People have mentioned the size of the feral community. We have lots of forest. Genetic drift is certainly happening in that population. Given this, the varroa as a cropper is likely to concentrate resistant genes. The varroa will modify our bees over time. They may become more like the Asian Honey Bee.

So here is my assumption: Suppose the virgin queens are mating with an average of 13 males (or 9 or 12 depending on the paper). Suppose then the average healthy hive has a chance to impregnate 9 to 13 virgin females.

Here are the further questions: So does a single breeding from a resistant hive help? What percent of the hive population has to want to yank varroa out of the cells, or clean each other to help a hive survive? What percent of the pupae have to smell bad to varroa or emit a chemical to limit varroa fecundity, to help a hive survive? Surely it is not 100% of the bees and surely the traits are not all recessive or the F2 generations would not be more successful than the average hive.
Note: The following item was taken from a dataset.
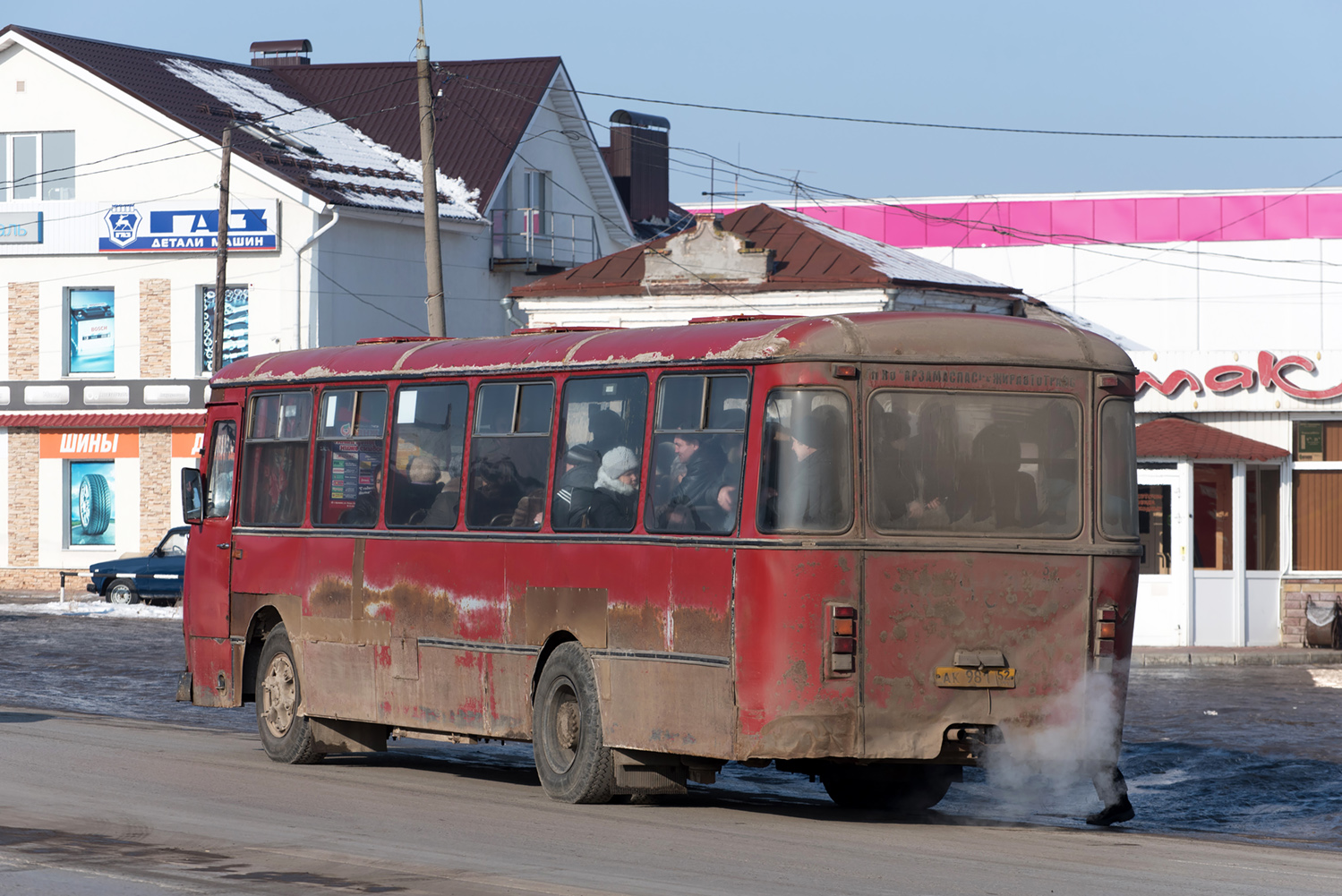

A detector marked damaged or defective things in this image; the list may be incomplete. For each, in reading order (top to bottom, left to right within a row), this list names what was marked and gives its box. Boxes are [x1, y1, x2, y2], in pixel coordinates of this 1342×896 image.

One wants to not to control, but to help… Splits only benefit me. Drones benefit other hive owners.

Here is the revision to the idea: So if I can only have 4 hives in the city and I have a friend. If one of my hives lives long and prospers, I can make splits. But I could also ask that queen to make capped drone brood at the rate of one frame every 3 week without hurting the hive. Every 3 weeks I could put that drone brood into my other 3 hives and after 9 weeks all my hives would be supplying the better drones. And they could go into 3 of the hives of my friends after 18 weeks. That is 42,000 drones. People who treat could also participate by having TF drones. Some don’t feel it would hurt them. If 60 people with 4 hives each do this with the 30 better hives out of 240, and each of those hives contributes to the genetics of 9 to 13 hives for 2160 to 3120 matings …

In a 250 square mile area, is that too small to have an impact?